Artículo de opinión de Jacobo de la Roza
12 mar 2018 . Actualizado a las 14:12 h.Cuatro meses han pasado desde que el Real Oviedo claudicase en Alcorcón. Hice el viaje de vuelta con la preocupante lesión de Toché en la retina y comenzando a dudar si el timonel sería capaz de enderezar el rumbo de una nave que se dirigía peligrosamente hacia el acantilado. Perder al goleador resulta casi anecdótico cuando todo lo demás falla. Nunca se me había hecho tan larga la Meseta.
Como en Alcorcón, el Real Oviedo vuelve de Tenerife con la delantera tocada. Mucho. Pero, como en Alcorcón, lo más preocupante es todo lo demás. Importa poco no tener balas si la pistola es de juguete. Las sensaciones vuelven a ser malas, pero esta vez el tiempo juega en contra.
Los jugadores siguen muriendo en cada balón, pero a una velocidad menos. Y eso, en Segunda, te manda al corredor de la muerte. Sobre todo a estas alturas, cuando los rivales salen a comprar el pan con el cuchillo entre los dientes. No hay amigos cuando se trata de salvar el pescuezo. El equipo ha bajado un punto en lo físico y dos figuras se alzan como principales culpables: Anquela y la dirección deportiva.
O bien el míster no rota porque prefiere morir con los mismos que hace un mes hacían del equipo un cohete. O bien el nivel de la plantilla no permite que el jienense lo haga. Personalmente, me inclino más por lo segundo que por lo primero.

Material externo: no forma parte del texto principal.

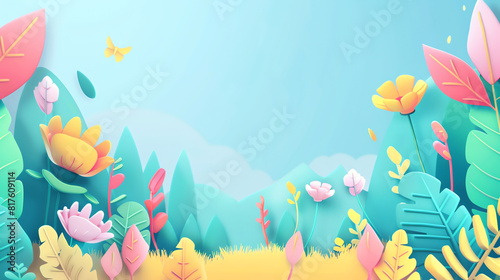 Colorful flower garden in bright spring sunlight with lush greenery and soft blue sky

Nada nuevo bajo el Sol.
Me cuesta creer que el hecho de que, a estas alturas, sólo dieciséis jugadores - dos de ellos porteros - superen los 600 minutos de juego se deba a la cabezonería del entrenador. Casi tanto como que Anquela le vea cosas a Forlín como pivote. El argentino destaca tanto en positivo de zaguero como en negativo de medio.
Sea de quien sea la culpa, una cosa tengo clara: si tuviese que darle las llaves del Tartiere a alguien, ese alguien sería Juan Antonio Albacete Anquela.